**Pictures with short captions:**
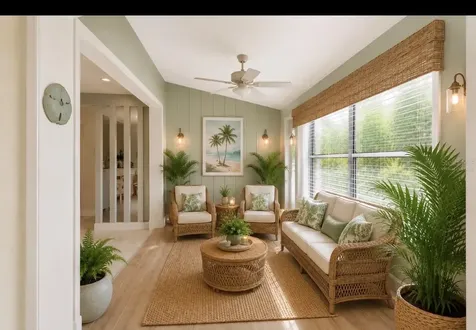 2102 Harringay Street Sun City Center FL 33573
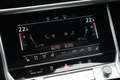 Audi RS6 Avant 4.0 TFSI Quattro Mansory 860pk Panoramadak/H Grau - thumbnail 18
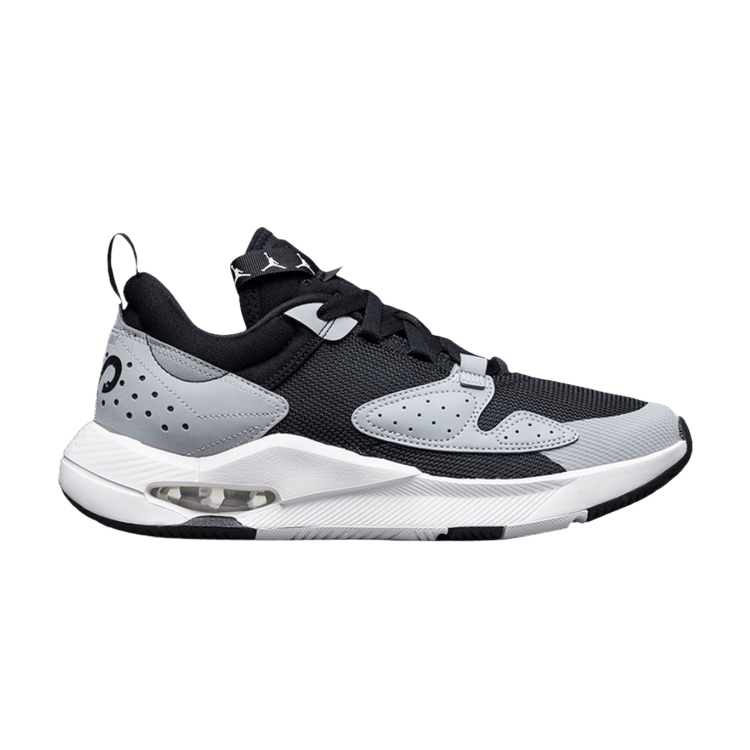 

Кроссовки Jordan Air Cadence 'Smoke Grey', серый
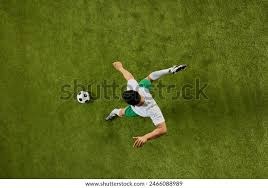 国王超市开张！名记曝球队已无非卖品 多人成争冠球队急需之人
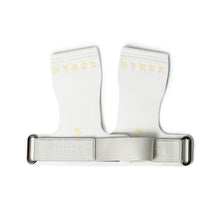 Cargar imagen en el visor de la galería, Calleras Velites Hyrox Quad Pro
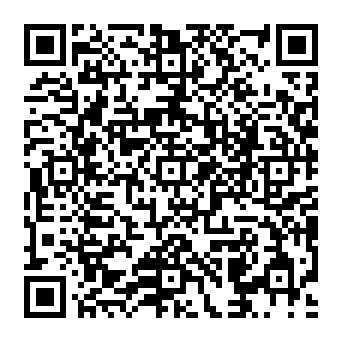 QR 6aec983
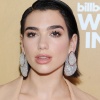 dualipa_0045.jpg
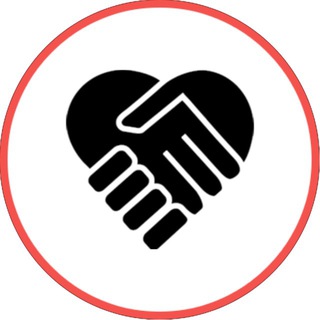 Telegram profile photo for ФОНД ПО БОРЬБЕ С ЛЖЕ-МАГАМИ «ВЕРА»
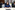 AP7A6523_resize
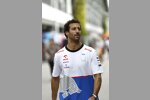 Daniel Ricciardo (Racing Bulls) 
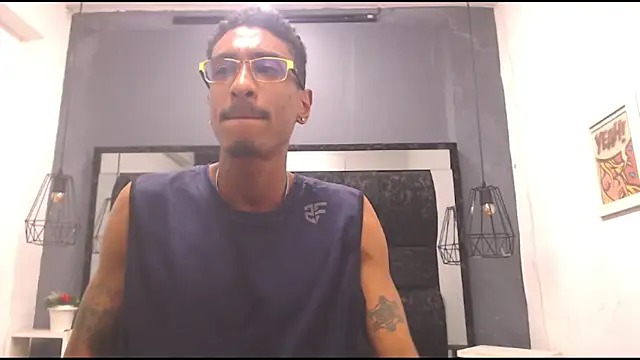 Jose Smoke online show from 09-14-25, 02:54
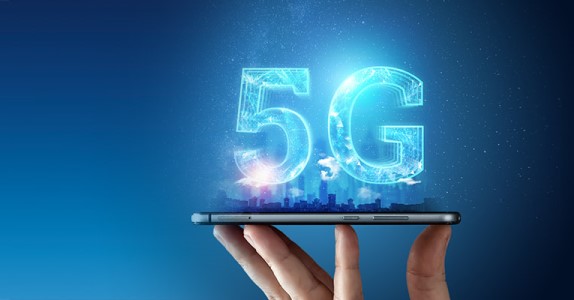 5g-business-574x300_0.jpg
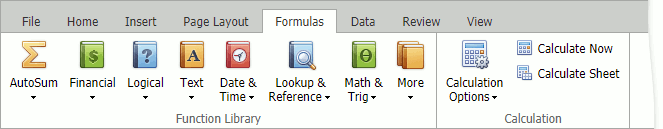 EUD_ASPxSpreadsheet_FormulasMenu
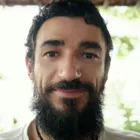 Ciência da Meditação
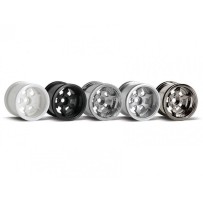 HPI SPIKE TRUCK WHEEL HPI-3083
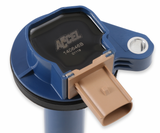 ACCEL 140646B-6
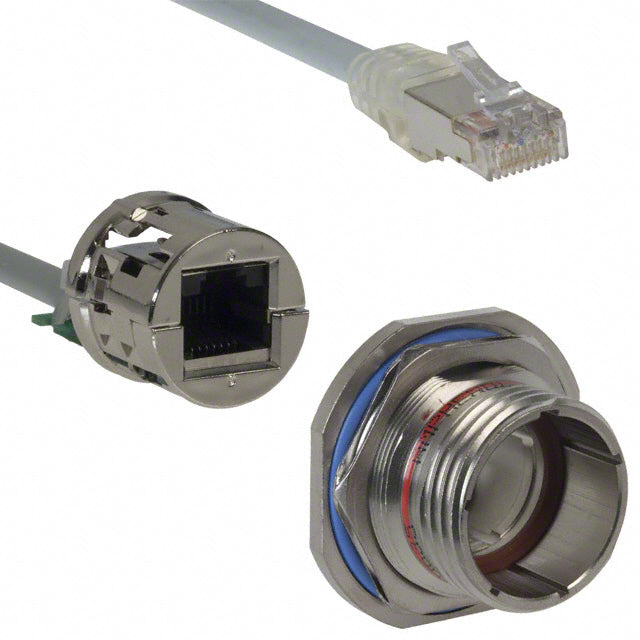 RJFTV72N15100BTX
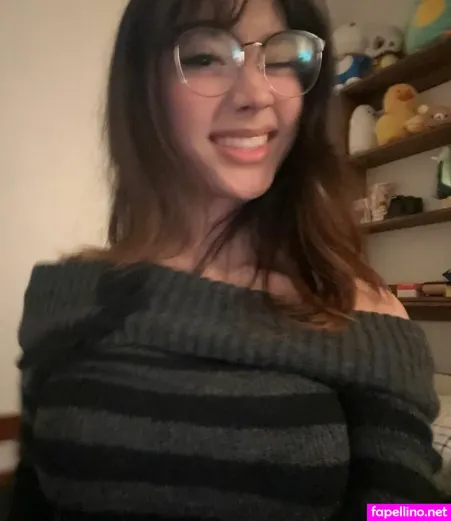 Gruungebug OnlyFans Thumbnail #soPtg1BCcA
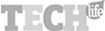 Tech Life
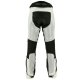 Nohavice Airvent Evo Short grey Nohavice Airvent Evo Short grey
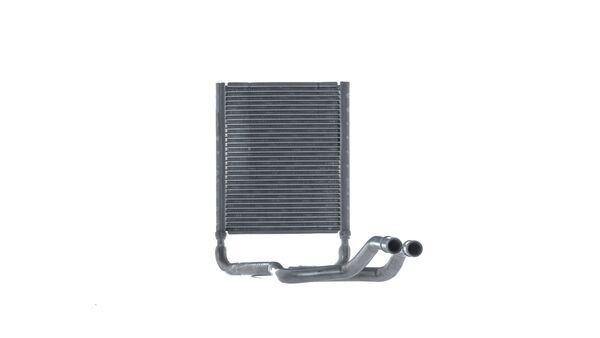 MAHLE ORIGINAL Heater matrix Article number: AH 328 000S cheaply
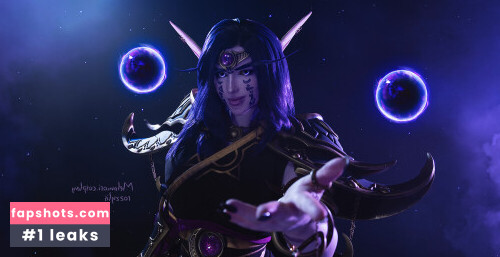 Lady Melamori gallery photo #998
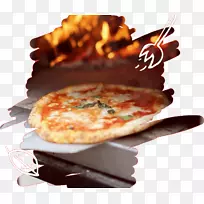 那不勒斯比萨饼餐厅欧式美食比萨饼-空若网 那不勒斯比萨饼餐厅欧式美食比萨饼-空若网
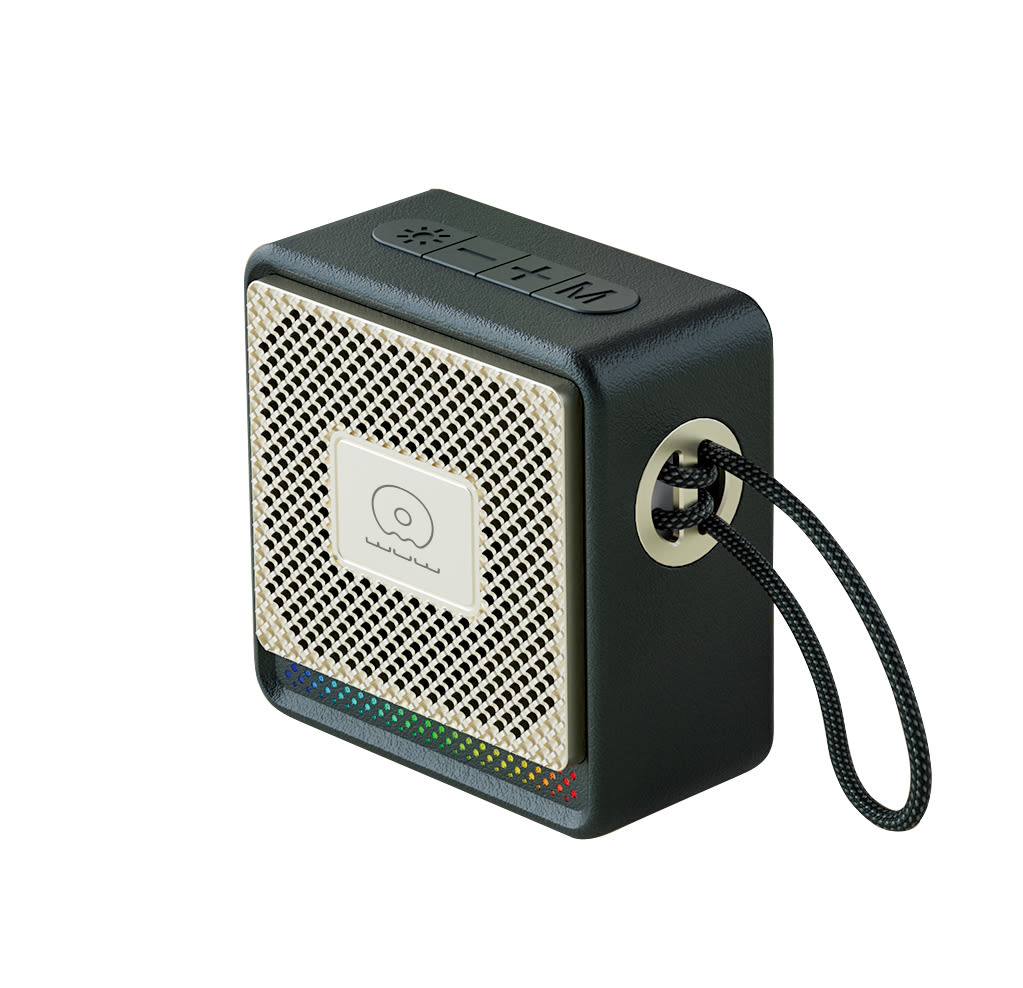 HarryBrown R220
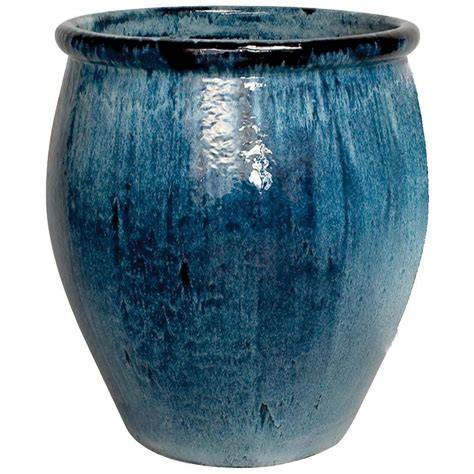 big ceramic pots for plants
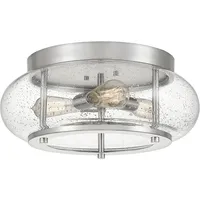 Elstead Lighting Deckenleuchte Trilogy 3xE27 H:18 40,6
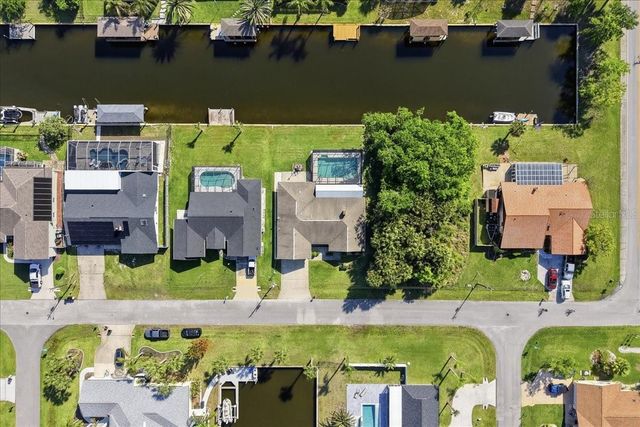 23 CHRISTOPHER COURT, Palm Coast, FL 32137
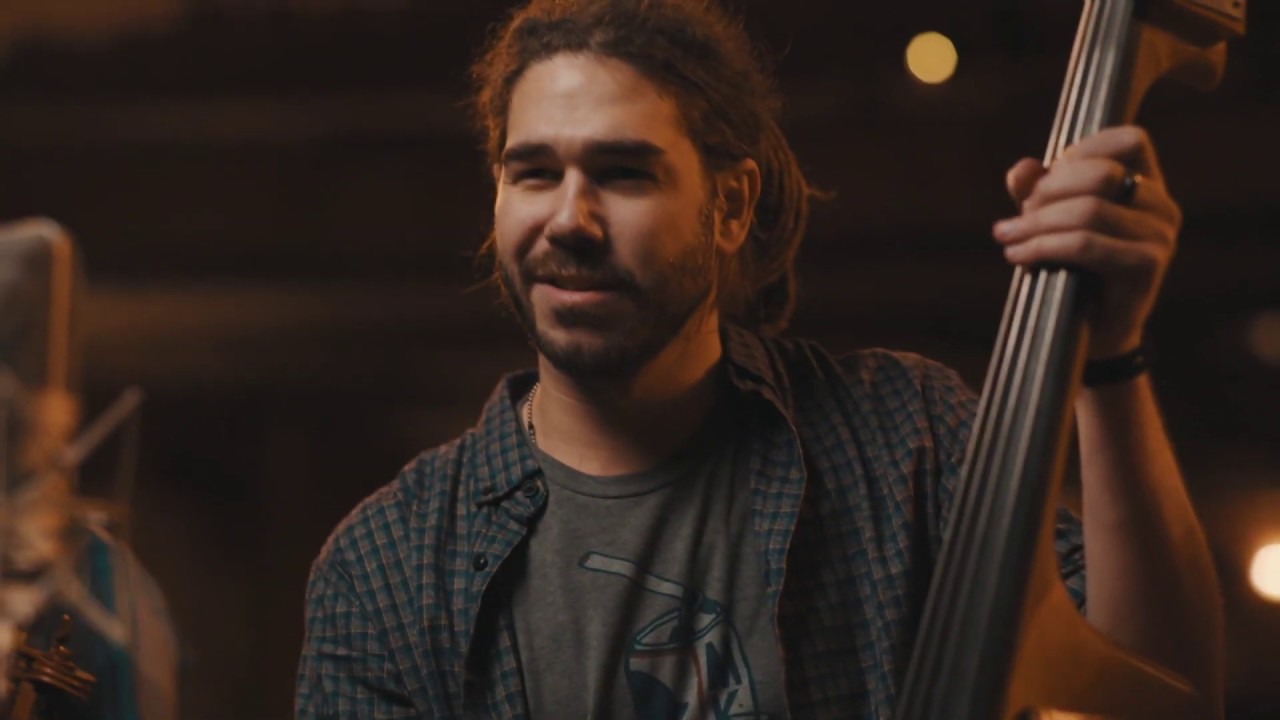 Chicken Wire Empire Still in Love OFFICIAL YouTube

**Instructions for the task:** The required output is the exact run of lines from the start of the records through the line containing "dualipa_0045.jpg", both ends included, with no pictures.

**Answer to the problem:**
 2102 Harringay Street Sun City Center FL 33573
 Audi RS6 Avant 4.0 TFSI Quattro Mansory 860pk Panoramadak/H Grau - thumbnail 18

Кроссовки Jordan Air Cadence 'Smoke Grey', серый
 国王超市开张！名记曝球队已无非卖品 多人成争冠球队急需之人
 Cargar imagen en el visor de la galería, Calleras Velites Hyrox Quad Pro
 QR 6aec983
 dualipa_0045.jpg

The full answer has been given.